# Thread: Linear maps and vectors.

1. ## Linear maps and vectors.

A linear map L: R^n -> R is linear for all v, w that exist in R^n and all a, b that exist in R if...

L(av + bw) = aL(v) + bL(w)

Show that for any vector u that exists in R^n, the transposed vector u^T represents a linear map of type R^n -> R

Also, prove conversely that a linear map L:R^n -> R can be represented as the transpose u^T of a vector u that exists in R^n.

Sorry for the lack of latex usage.
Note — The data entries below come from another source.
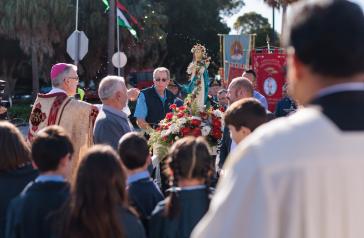 Bishop Meagher and a statue of Mary at the Lady of the Assumption Procession 2022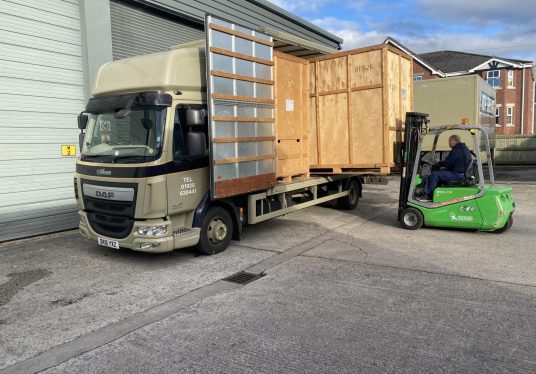 Fork lift truck unloading wooden crates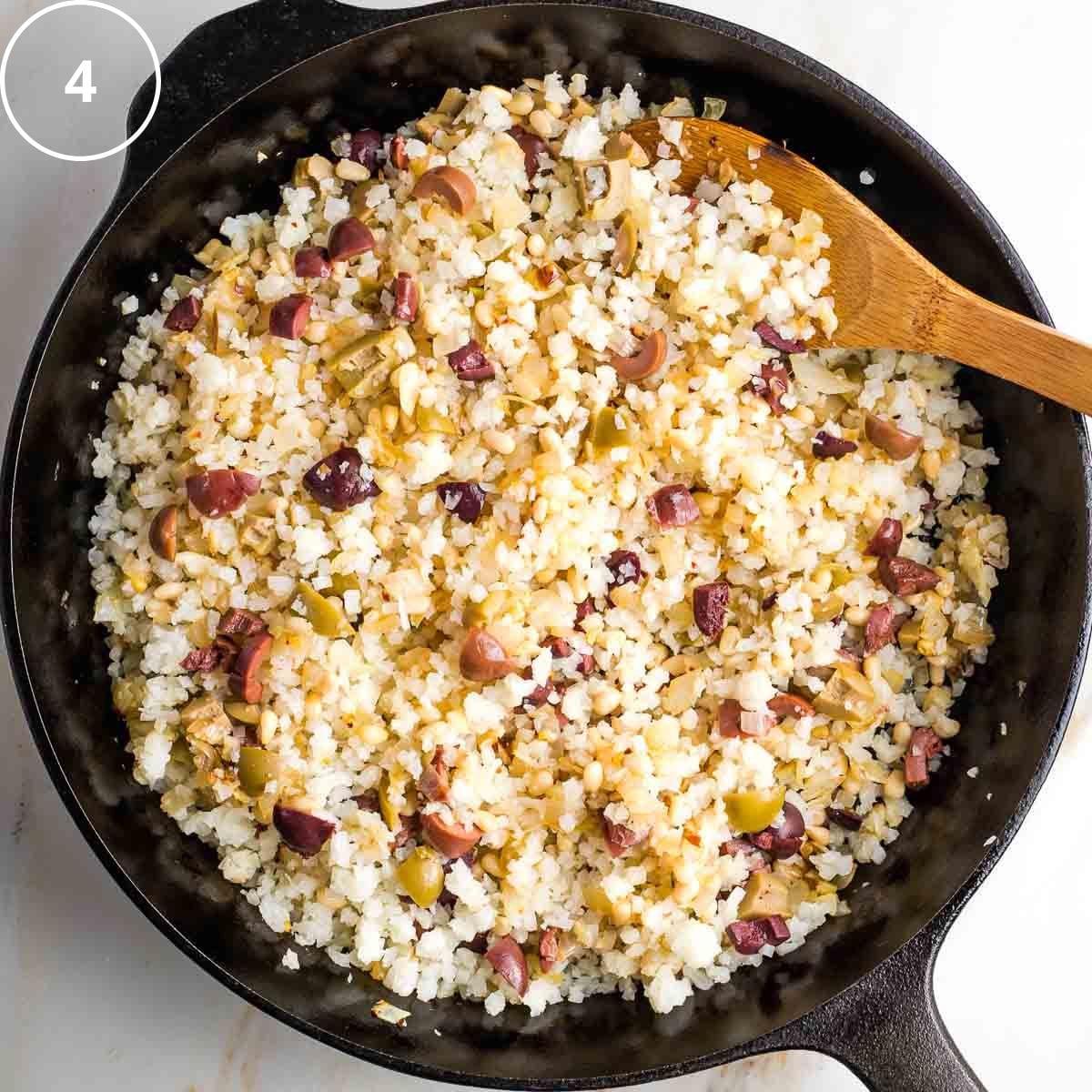 Step 4: Mediterranean cauliflower rice with olives and pine nuts in a cast iron pan.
I don't know all the symbols and I'm hoping for an answer as soon as possible.

Sean.

2. Originally Posted by sean.1986
A linear map L: R^n -> R is linear for all v, w that exist in R^n and all a, b that exist in R if...

L(av + bw) = aL(v) + bL(w)

Show that for any vector u that exists in R^n, the transposed vector u^T represents a linear map of type R^n -> R
define $\displaystyle f: \mathbb{R}^n \longrightarrow \mathbb{R}$ by $\displaystyle f(v)=u^T v.$

Also, prove conversely that a linear map L:R^n -> R can be represented as the transpose u^T of a vector u that exists in R^n.

Sorry for the lack of latex usage. I don't know all the symbols and I'm hoping for an answer as soon as possible.

suppose $\displaystyle f: \mathbb{R}^n \longrightarrow \mathbb{R}$ is a linear map. let $\displaystyle e_j \in \mathbb{R}^n$ be a vector with $\displaystyle 1$ in the $\displaystyle j$th row and $\displaystyle 0$ everywhere else. note that every $\displaystyle v \in \mathbb{R}^n$ can be written (uniquely) as $\displaystyle v=\sum_{j=1}^n v_je_j,$ where $\displaystyle v_j \in \mathbb{R}.$
let $\displaystyle u= \sum_{j=1}^n f(e_j)e_j.$ then since $\displaystyle f$ is $\displaystyle \mathbb{R}-$linear, we have: $\displaystyle f(v)=f \left(\sum_{j=1}^n v_je_j \right)=\sum_{j=1}^n v_jf(e_j)=\begin{bmatrix} f(e_1) & . & . & . & f(e_n) \end{bmatrix} \begin{bmatrix} v_1 \\ . \\ . \\ . \\ v_n \end{bmatrix} = u^T v.$